Stored items from a collection:
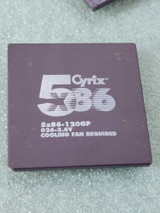 Ceramic Collectable Cyrix 586 5X86-120Gp Processor Cpu Vintage Gold Recovery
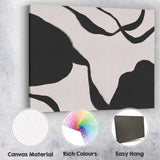 Abstract Ink Line Composition Neutral Minimalist Painting Canvas Wall Art Print Decor Picture Ready to Hang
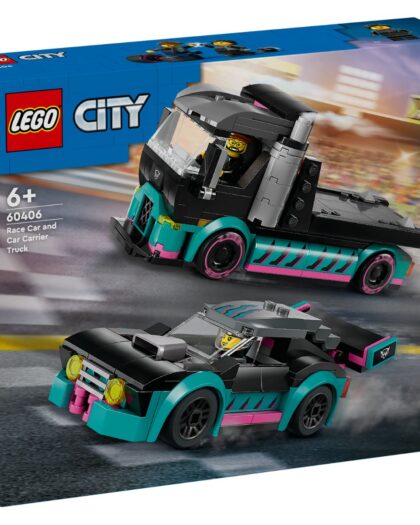 LEGO 60406 City Race Car and Car Carrier Truck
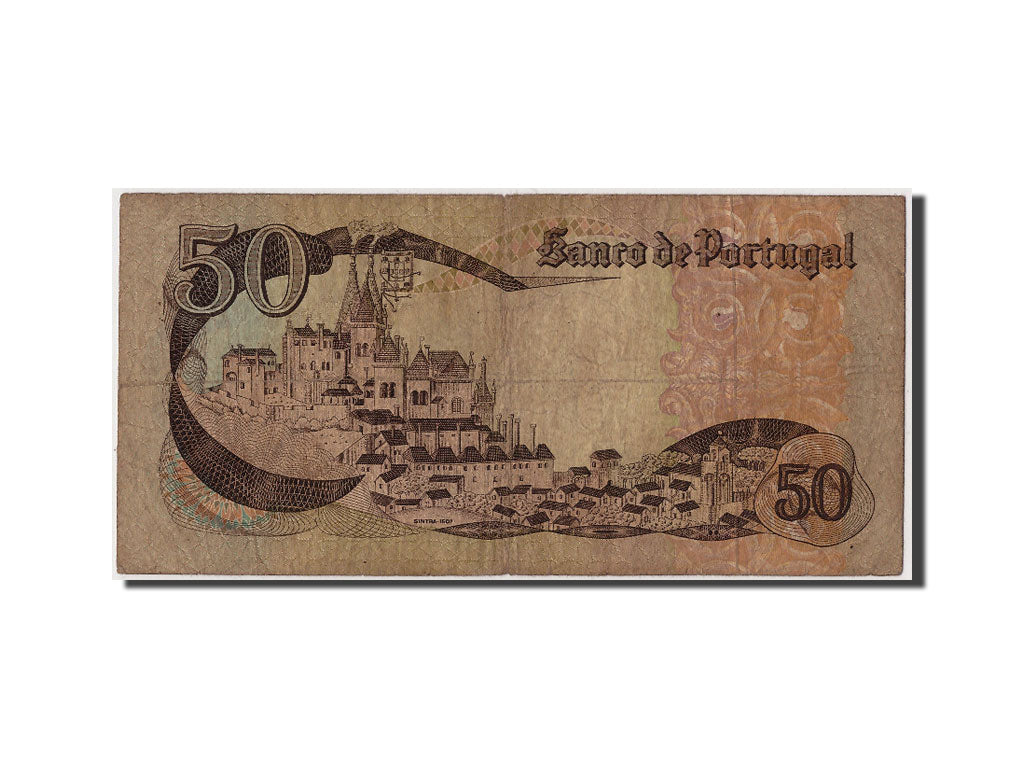 Geldschein, Portugal, 50 Escudos, 1968, 1968-05-28, KM:174a, SGE+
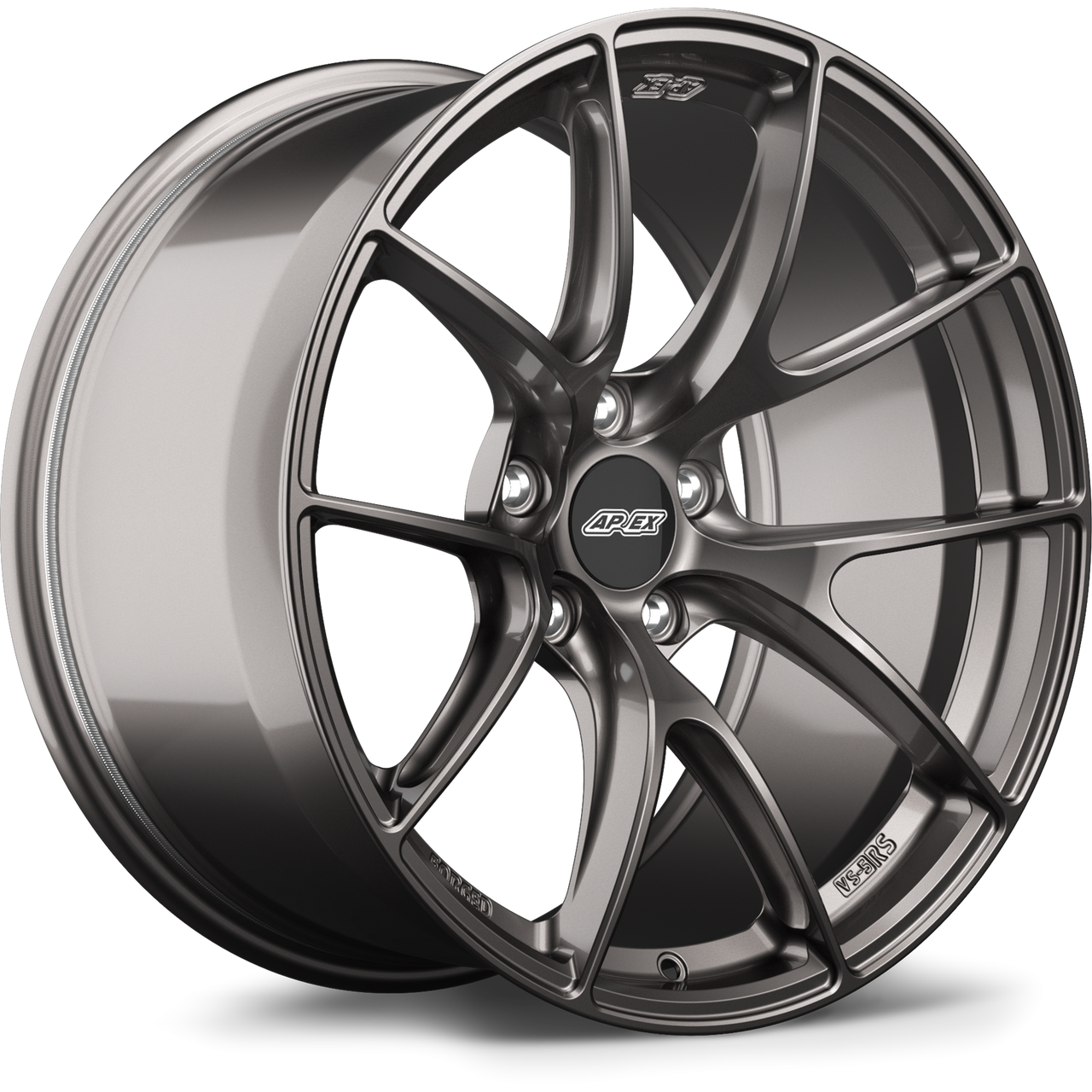 Race Silver Apex VS-5RS forged wheel Part VS5RS1995ET22-5120-7256-RS for BMW performance applications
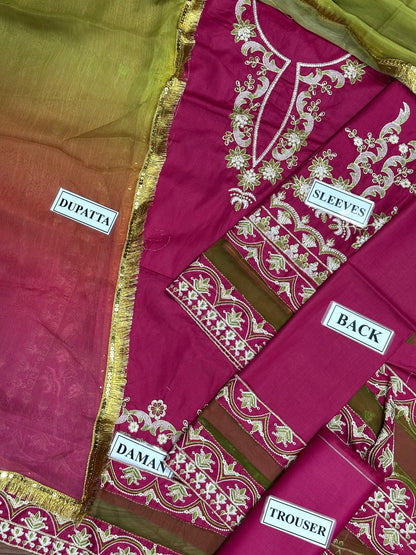OMAL EMBROIDERED LAWN - 3 PC UNSTITCHED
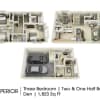 Floor plan: Superior Townhome with Den + 2-Car Garage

◆ Exercise
Your answer must be exactly the lines from the one with "OMAL EMBROIDERED LAWN - 3 PC UNSTITCHED" through the last line of the entries, both included, with no pictures; please add nothing else.

◆ Exercise solution
OMAL EMBROIDERED LAWN - 3 PC UNSTITCHED
 Floor plan: Superior Townhome with Den + 2-Car Garage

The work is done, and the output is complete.